Task item: Skip the pictures. Return exactly the lines from the one containing "thumbnail image 2" through the end of the entries below.

Study material:
----------
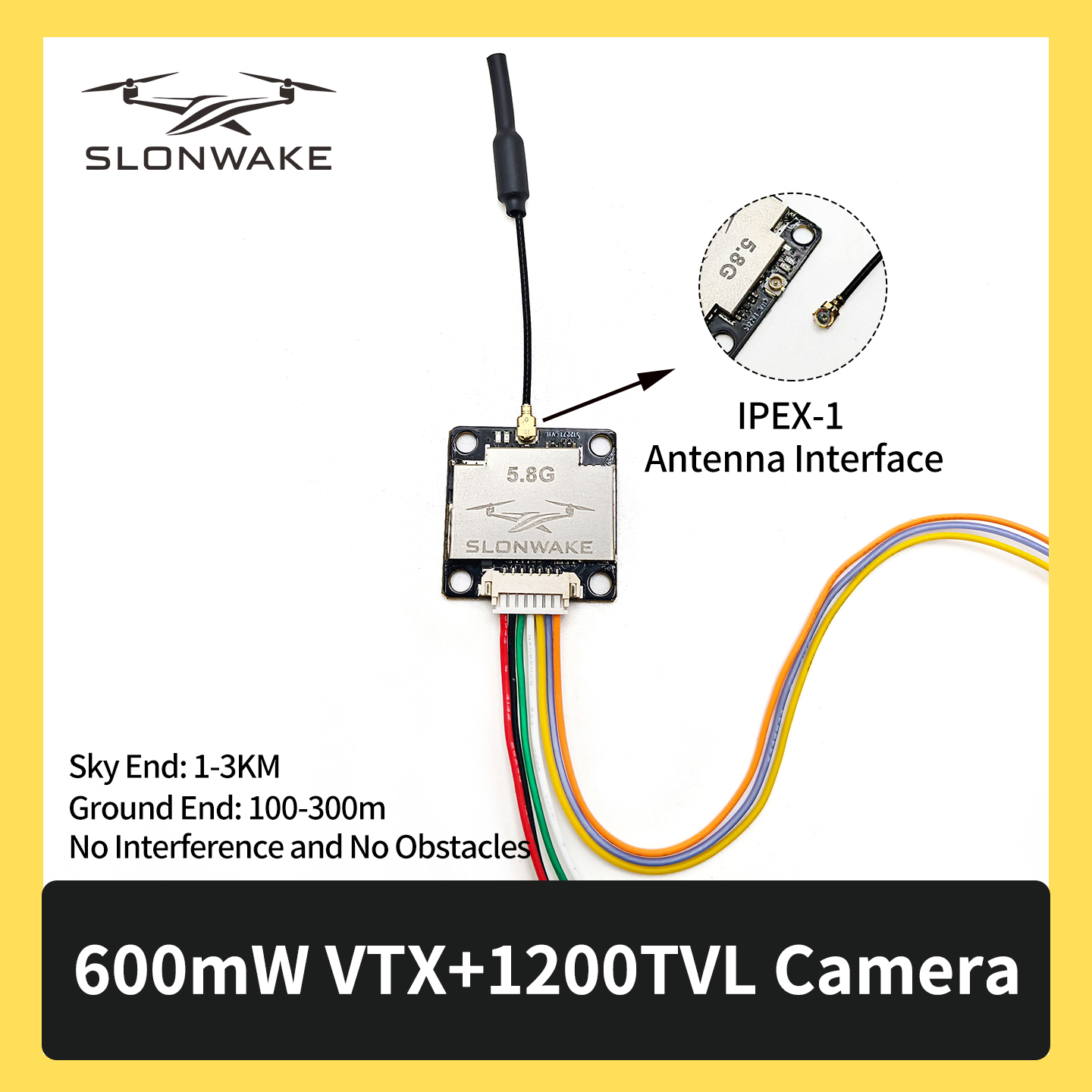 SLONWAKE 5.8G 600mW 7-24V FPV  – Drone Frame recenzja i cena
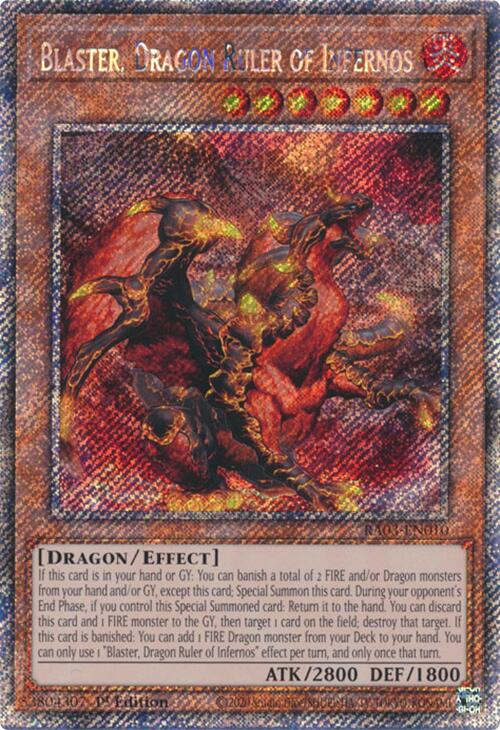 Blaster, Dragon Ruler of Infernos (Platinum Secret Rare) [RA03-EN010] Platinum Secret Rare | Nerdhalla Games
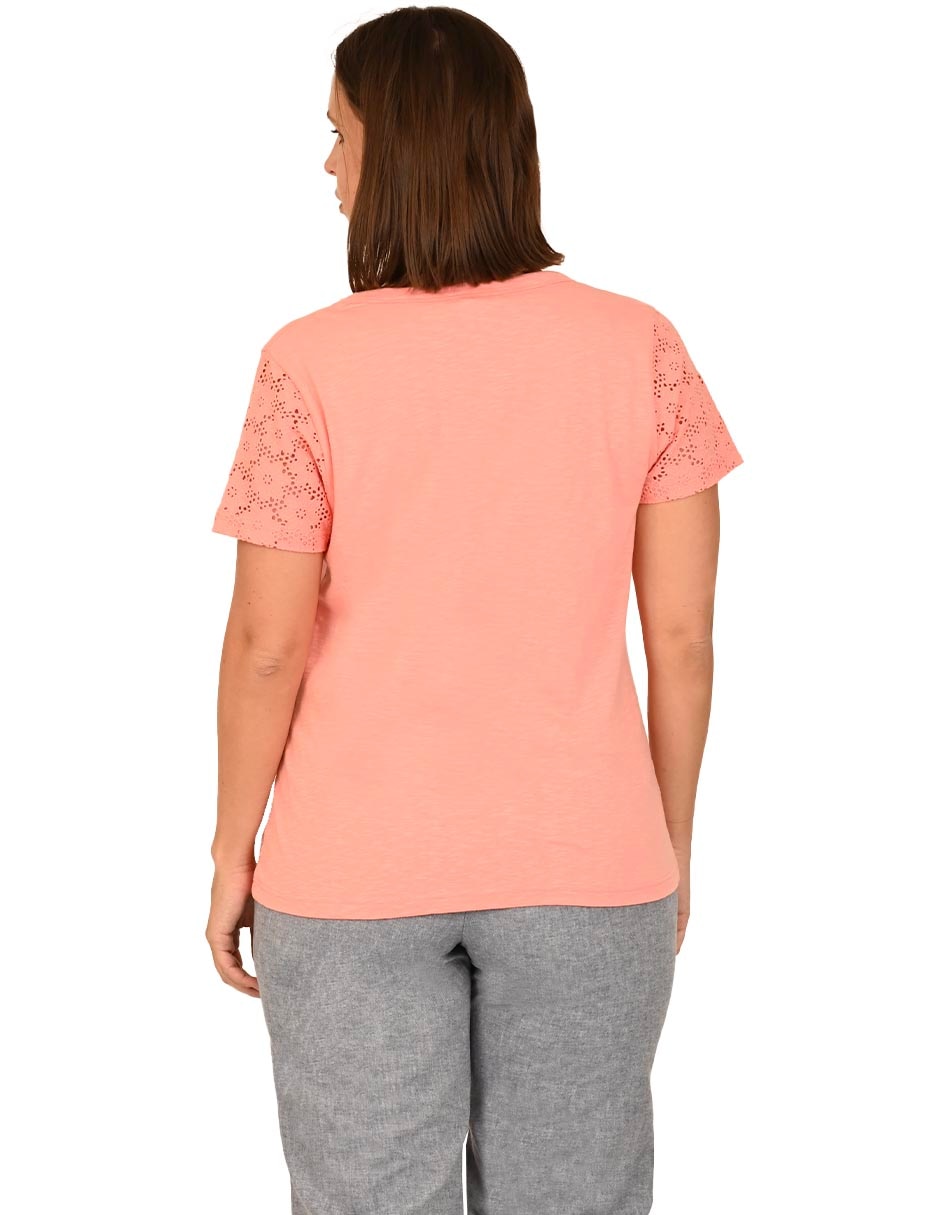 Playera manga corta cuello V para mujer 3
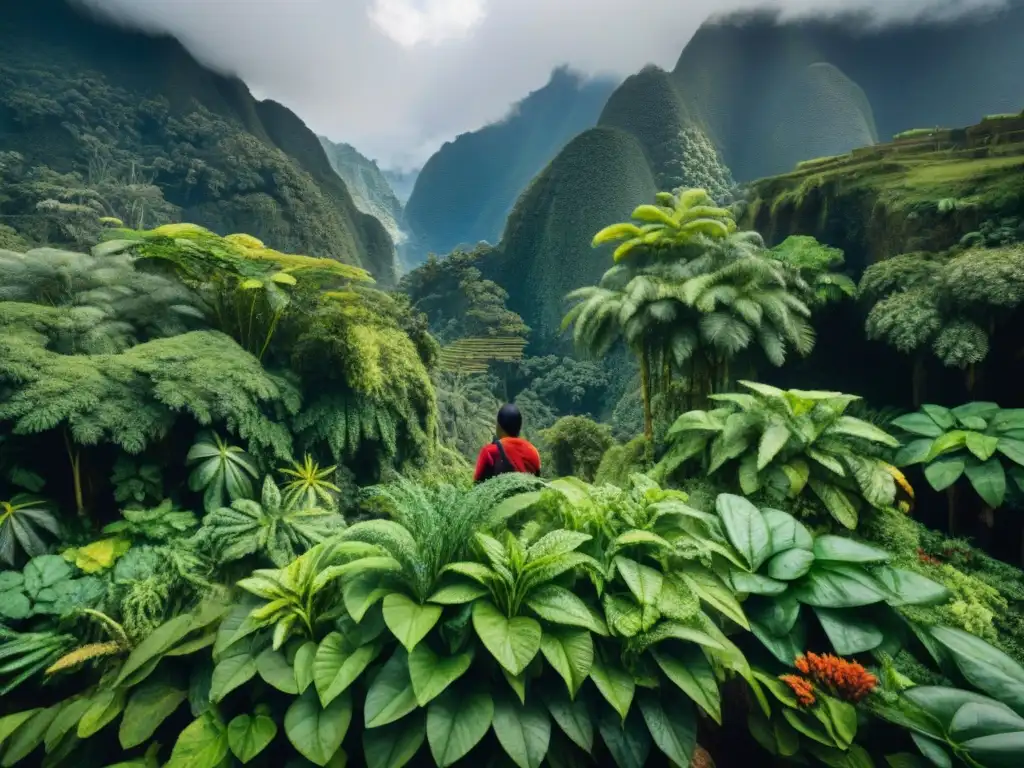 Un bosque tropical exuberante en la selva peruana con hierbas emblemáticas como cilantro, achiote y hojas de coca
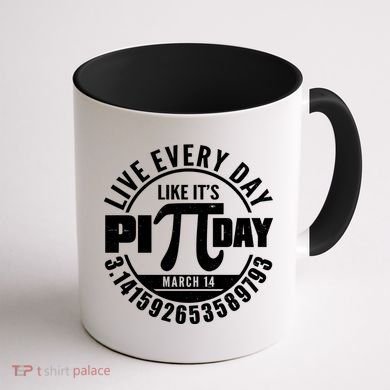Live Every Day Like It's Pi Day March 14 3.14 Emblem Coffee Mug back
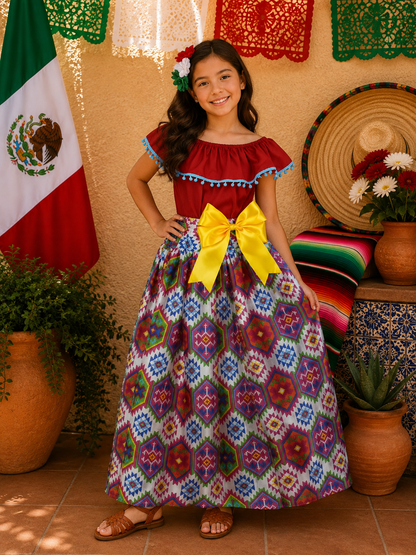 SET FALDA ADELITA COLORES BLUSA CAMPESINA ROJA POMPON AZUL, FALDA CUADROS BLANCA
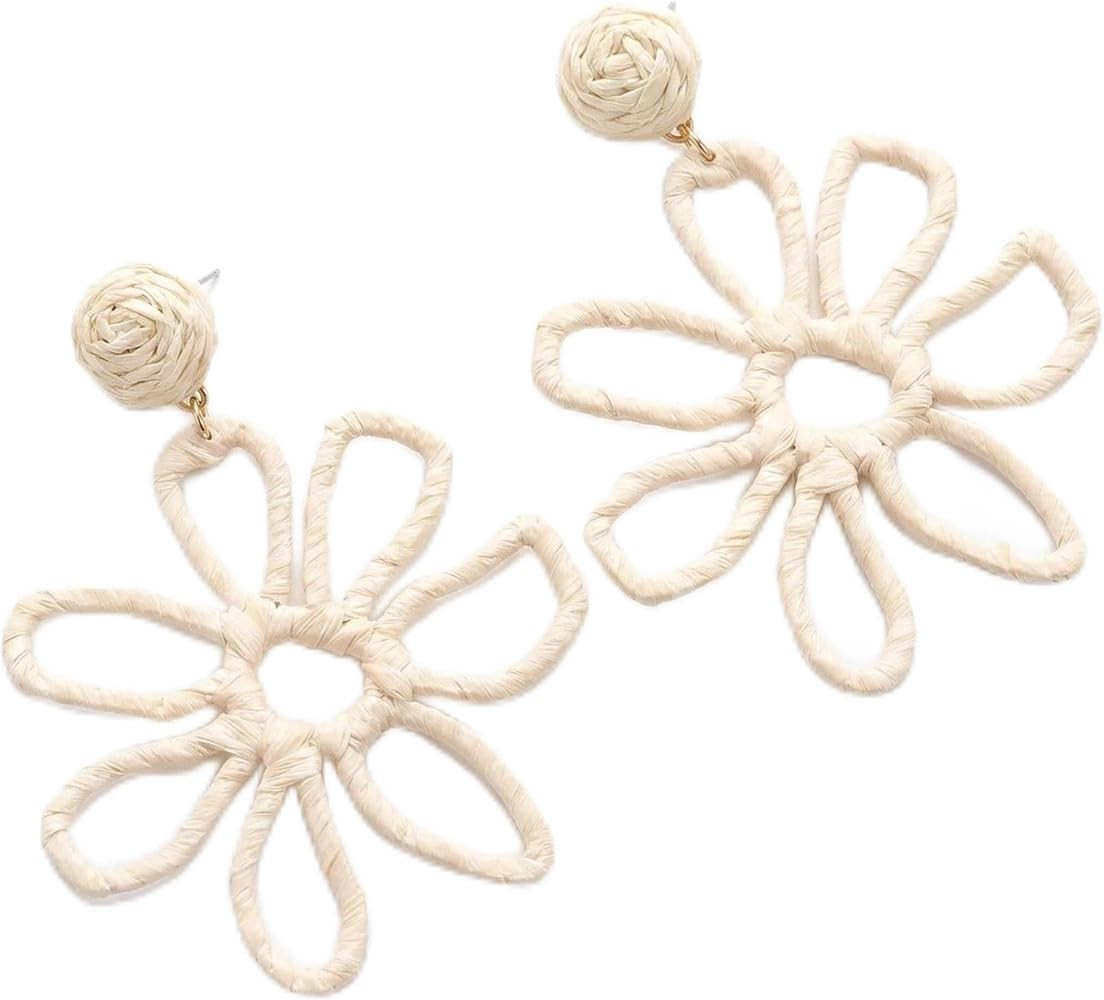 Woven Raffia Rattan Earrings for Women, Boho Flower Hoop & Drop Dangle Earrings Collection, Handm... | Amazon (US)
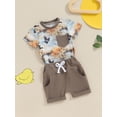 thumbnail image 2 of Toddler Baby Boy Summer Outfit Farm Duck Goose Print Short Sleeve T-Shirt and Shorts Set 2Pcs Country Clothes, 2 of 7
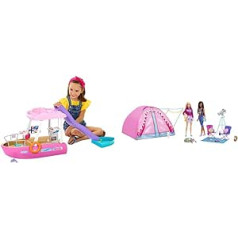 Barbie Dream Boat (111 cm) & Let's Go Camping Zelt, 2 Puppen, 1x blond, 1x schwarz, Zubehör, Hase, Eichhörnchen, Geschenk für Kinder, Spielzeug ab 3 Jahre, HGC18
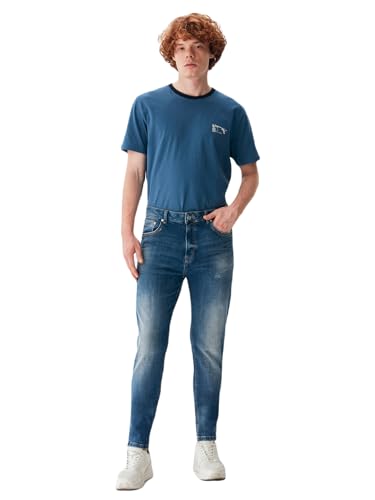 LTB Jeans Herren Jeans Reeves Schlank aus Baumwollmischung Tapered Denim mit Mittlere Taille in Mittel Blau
----------
Written solution:
 thumbnail image 2 of Toddler Baby Boy Summer Outfit Farm Duck Goose Print Short Sleeve T-Shirt and Shorts Set 2Pcs Country Clothes, 2 of 7
 Barbie Dream Boat (111 cm) & Let's Go Camping Zelt, 2 Puppen, 1x blond, 1x schwarz, Zubehör, Hase, Eichhörnchen, Geschenk für Kinder, Spielzeug ab 3 Jahre, HGC18
 LTB Jeans Herren Jeans Reeves Schlank aus Baumwollmischung Tapered Denim mit Mittlere Taille in Mittel Blau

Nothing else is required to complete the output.